Privatization advocates contend that Katrina brought essential reforms to Louisiana’s education system. But the facts tell a different story. “A key part of the New Orleans narrative is that firing the unionized, mostly black teachers after Katrina cleared the way for young, idealistic (mostly white) educators who are willing to work 12 to 14 hour days,” wrote Andrea Gabor, a professor of journalism at Baruch College, in a detailed story in The New York Times last week. “For outsiders, the biggest lesson of New Orleans is this: It is wiser to invest in improving existing education systems than start from scratch. Privatization may improve outcomes for some students, but it also hurt the most disadvantaged pupils.”
Similarly, public housing in New Orleans remain a mess, with the state increasing rents for residents in areas that many say lack a cohesive community spirit. There is a long waiting list for subsidized housing.
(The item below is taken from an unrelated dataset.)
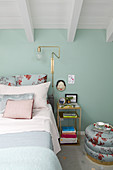 Doppelbett im Schlafzimmer mit mintfarbener Wand und weiß gestrichener Holzdecke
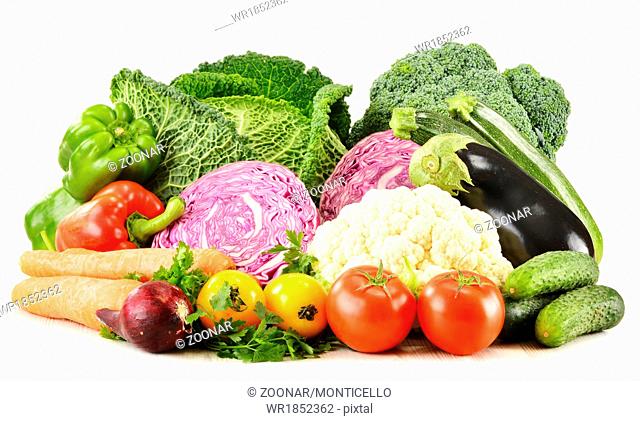 Composition with variety of fresh organic vegetables isolated on white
To be clear, poor quality structures were blights on the city even before Katrina. But the United States’ slow economic recovery has emboldened officials in Louisiana and elsewhere who argue that privatized services are far preferable to a well-financed public system. The flood of corporate donations to politicians augments these arguments.
Disaster capitalism is a readily exportable commodity. New Orleans still pulses to a resilient rhythm, but those pushing for more private housing, schools and infrastructure are rarely held to account. Without accountability for the abuses of corporate-backed privatization policies, its advocates will simply move on to another city or country to maximize their profits at the expense of poor and marginalized citizens.
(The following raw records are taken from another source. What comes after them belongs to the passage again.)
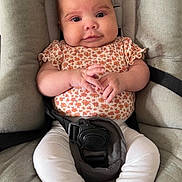 Olivia participe au concours pour gagner de l'argent avec cette photo : baby, infant, car_seat, cushion, clothing, white_leggings, socks, hands, face, head, cute, portrait, sitting, child, straps, safety_belt, indoors, expression, young, comfortable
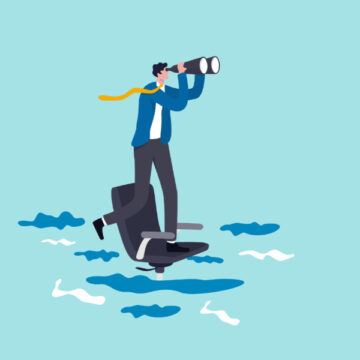 A Businessman Standing On A Sinking Office Chair In Water, Using Binoculars To Look Into The Distance
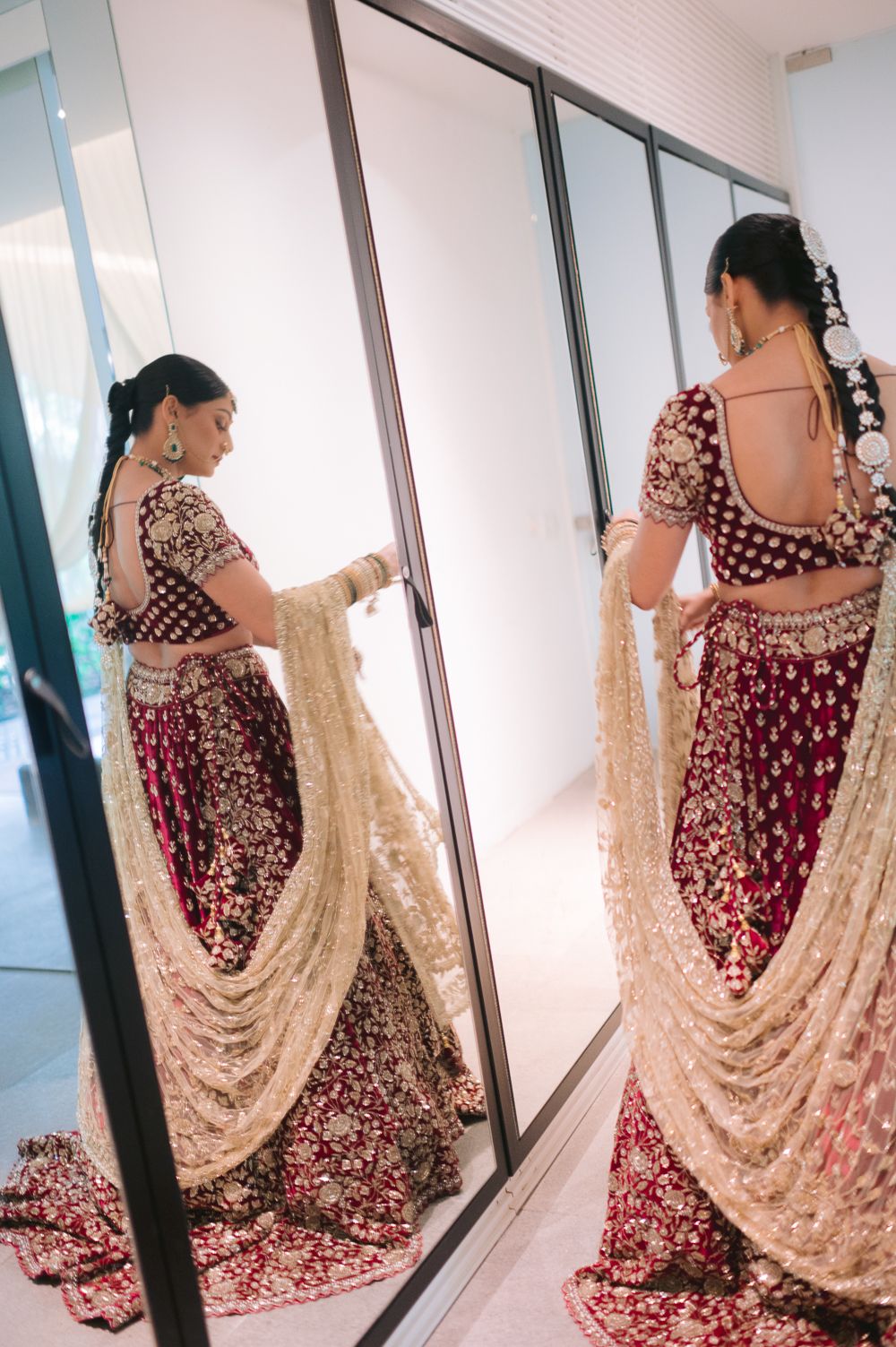 Indian bride in red and gold lehenga holding dupatta, reflected in mirror while getting ready for wedding.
Countless companies are already cashing in as the climate crisis takes hold across the United States. For example, many New Yorkers fear that hurricane precautions are excluding the city’s poorest residents while protecting the richest homeowners. The billion-dollar disaster rescue industry, allowing wealthy customers to pay companies to, say, rescue them from a flood or fight fires during a wildfire, is thriving; this is the privatization of humanitarian aid. Corrupt politicians are making a fortune from rebuilding New Orleans and New York after hurricanes.
The most vulnerable in our society deserve to be treated as human beings and not as an experiment in social engineering. Disaster capitalism distorts democracy by elevating the voices of a few wealthy people above the desires of the majority. Even 10 years after Katrina, McQueary can still write blindly about radical change through privatization while ignoring the great determinant of public access in the United States: race.
Antony Loewenstein is a freelance journalist based in South Sudan and a best-selling author of many books, including the upcoming Disaster Capitalism: Making a Killing out of Catastrophe. He’s working on a documentary with the same name.
This article orginially appeared on Al Jazeera America.